Dalam rapat tersebut, Munafri—yang akrab disapa Appi—menegaskan bahwa penanganan sampah menjadi prioritas utama pemerintah kota dan tidak boleh terhenti, termasuk pada hari libur.

“Harilibur pun kita tetap bekerja, karena ini menyangkut kebutuhan dasar masyarakat,” tegasnya.

Fokus PSEL dan Solusi Jangka Panjang

Salah satu agenda utama yang dibahas adalah percepatan program Pengolahan Sampah menjadi Energi Listrik (PSEL). Program ini merupakan bagian dari amanah pemerintah pusat yang harus dijalankan secara serius dan berkelanjutan.

Menurut Munafri, PSEL bukan sekadar proyek infrastruktur, melainkan solusi jangka panjang untuk mengatasi persoalan sampah yang semakin kompleks, sekaligus mendukung penyediaan energi alternatif melalui konsep Pembangkit Listrik Tenaga Sampah (PLTSa).

Transformasi Sistem: Open Dumping ke Sanitary Landfill

Pemkot Makassar juga tengah melakukan transformasi besar dalam sistem pengelolaan sampah, khususnya di Tempat Pembuangan Akhir (TPA), dari metode open dumping menuju sanitary landfill.

“Sistem ini penting untuk mengurangi dampak pencemaran lingkungan, baik tanah, air, maupun udara,” jelas Munafri.

Metode sanitary landfill dinilai lebih ramah lingkungan karena dilengkapi sistem pengelolaan air lindi, pelapisan dasar, serta penutupan sampah secara berkala.

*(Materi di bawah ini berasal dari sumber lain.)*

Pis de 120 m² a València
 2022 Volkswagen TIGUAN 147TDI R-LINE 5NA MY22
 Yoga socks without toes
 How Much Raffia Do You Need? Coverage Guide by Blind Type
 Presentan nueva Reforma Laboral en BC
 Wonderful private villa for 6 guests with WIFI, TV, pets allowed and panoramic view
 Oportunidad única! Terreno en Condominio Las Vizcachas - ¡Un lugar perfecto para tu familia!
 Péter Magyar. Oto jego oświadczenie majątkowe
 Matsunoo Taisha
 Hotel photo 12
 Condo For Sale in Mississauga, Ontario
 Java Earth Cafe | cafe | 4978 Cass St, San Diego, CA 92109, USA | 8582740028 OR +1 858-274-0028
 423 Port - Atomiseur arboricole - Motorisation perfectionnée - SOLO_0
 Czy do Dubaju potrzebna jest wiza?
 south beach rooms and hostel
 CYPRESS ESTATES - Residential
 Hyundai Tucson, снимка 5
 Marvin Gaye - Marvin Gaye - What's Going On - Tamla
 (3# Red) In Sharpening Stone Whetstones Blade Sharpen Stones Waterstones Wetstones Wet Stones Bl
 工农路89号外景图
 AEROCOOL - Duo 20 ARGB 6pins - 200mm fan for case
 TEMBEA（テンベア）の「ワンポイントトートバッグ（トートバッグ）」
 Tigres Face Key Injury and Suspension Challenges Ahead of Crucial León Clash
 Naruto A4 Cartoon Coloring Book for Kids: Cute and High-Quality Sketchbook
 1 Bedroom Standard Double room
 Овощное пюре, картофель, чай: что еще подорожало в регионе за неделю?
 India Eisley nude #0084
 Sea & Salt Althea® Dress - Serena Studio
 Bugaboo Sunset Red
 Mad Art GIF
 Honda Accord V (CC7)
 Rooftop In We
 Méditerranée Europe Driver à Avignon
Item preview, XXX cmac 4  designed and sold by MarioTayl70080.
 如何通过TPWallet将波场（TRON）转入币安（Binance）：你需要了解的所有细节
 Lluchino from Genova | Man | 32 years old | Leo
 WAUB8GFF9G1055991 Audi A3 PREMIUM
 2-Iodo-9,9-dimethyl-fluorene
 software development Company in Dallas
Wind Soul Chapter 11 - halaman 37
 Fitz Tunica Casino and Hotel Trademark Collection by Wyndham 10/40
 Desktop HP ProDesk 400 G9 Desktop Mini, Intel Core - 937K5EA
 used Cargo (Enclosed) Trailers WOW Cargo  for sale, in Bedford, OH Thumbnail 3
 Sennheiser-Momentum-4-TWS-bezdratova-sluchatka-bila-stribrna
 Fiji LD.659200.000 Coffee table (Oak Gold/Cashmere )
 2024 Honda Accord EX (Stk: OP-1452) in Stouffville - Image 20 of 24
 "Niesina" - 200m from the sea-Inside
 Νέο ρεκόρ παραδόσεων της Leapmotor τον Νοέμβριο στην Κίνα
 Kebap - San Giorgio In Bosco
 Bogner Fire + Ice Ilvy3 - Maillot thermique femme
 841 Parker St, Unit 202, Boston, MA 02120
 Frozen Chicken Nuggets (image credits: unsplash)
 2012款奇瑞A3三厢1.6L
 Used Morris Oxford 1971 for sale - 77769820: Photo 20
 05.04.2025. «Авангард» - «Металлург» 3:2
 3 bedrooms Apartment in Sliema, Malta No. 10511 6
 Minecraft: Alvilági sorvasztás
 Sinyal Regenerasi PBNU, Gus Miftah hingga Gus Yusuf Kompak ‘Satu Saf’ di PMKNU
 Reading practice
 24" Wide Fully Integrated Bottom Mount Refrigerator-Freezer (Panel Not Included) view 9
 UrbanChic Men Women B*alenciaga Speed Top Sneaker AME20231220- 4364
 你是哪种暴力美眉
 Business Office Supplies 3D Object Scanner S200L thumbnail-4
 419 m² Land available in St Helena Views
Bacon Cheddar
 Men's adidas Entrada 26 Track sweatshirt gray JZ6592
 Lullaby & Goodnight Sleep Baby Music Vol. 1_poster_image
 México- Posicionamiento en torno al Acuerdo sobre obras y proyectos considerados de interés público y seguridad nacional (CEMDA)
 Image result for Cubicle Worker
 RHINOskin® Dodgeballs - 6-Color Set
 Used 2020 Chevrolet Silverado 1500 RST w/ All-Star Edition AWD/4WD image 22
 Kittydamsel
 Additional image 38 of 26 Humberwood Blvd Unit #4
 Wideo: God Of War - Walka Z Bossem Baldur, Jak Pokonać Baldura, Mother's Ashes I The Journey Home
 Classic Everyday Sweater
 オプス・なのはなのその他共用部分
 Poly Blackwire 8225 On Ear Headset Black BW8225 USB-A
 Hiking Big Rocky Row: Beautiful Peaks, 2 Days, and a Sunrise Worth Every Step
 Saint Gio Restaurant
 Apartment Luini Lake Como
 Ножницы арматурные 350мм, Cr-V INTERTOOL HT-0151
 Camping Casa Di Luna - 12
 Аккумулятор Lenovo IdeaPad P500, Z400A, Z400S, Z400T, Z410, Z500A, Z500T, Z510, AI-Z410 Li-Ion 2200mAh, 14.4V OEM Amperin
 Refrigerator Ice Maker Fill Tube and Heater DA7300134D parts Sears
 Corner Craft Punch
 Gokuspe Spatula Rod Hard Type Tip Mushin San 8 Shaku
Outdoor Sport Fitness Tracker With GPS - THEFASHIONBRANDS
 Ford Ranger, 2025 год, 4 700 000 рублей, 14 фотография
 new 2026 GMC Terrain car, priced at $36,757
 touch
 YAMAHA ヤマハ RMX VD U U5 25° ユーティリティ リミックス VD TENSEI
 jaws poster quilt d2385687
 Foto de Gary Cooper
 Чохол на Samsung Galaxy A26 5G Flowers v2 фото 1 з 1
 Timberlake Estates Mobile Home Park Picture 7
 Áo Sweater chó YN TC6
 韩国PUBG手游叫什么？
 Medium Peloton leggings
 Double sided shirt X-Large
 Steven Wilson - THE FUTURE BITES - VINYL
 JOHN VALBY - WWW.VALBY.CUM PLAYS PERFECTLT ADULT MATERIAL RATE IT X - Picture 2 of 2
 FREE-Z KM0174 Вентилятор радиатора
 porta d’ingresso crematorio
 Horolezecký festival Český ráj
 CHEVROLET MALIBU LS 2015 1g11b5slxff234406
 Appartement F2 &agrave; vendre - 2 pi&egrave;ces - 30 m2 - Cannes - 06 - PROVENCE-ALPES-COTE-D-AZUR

Road Map Pengelolaan Sampah Terintegrasi

Selain itu, Pemkot Makassar telah menyusun road map pengelolaan sampah berbasis hulu ke hilir dengan pendekatan ekonomi sirkular.

Strategi ini meliputi:

  • Pengurangan sampah dari sumber (reduce, reuse, recycle)
  • Pemilahan sampah berbasis RT/RW
  • Penguatan bank sampah dan TPS3R
  • Pengolahan sampah organik melalui maggot dan kompos
  • Pemanfaatan teknologi RDF (Refuse Derived Fuel)

“Fokus utama kita adalah meminimalisir sampah dari sumber dan mempercepat ekonomi sirkular,” ujarnya.

Target TPA Antang Berubah dalam Waktu Dekat

Munafri juga menargetkan perubahan sistem pengelolaan di TPA Antang dapat terealisasi dalam beberapa bulan ke depan.

Ia menegaskan bahwa keberhasilan program ini membutuhkan keterlibatan aktif seluruh elemen masyarakat.

“Ini kerja bersama. Semua masyarakat harus terlibat,” katanya.

Evaluasi Program Berjalan

Dalam kesempatan tersebut, Munafri turut mengevaluasi sejumlah program strategis Pemkot Makassar yang sedang berjalan. Ia memastikan setiap program dikontrol secara ketat agar tetap sesuai target.

“Yang belum maksimal kita dorong untuk ditingkatkan agar semua program berjalan optimal,” pungkasnya.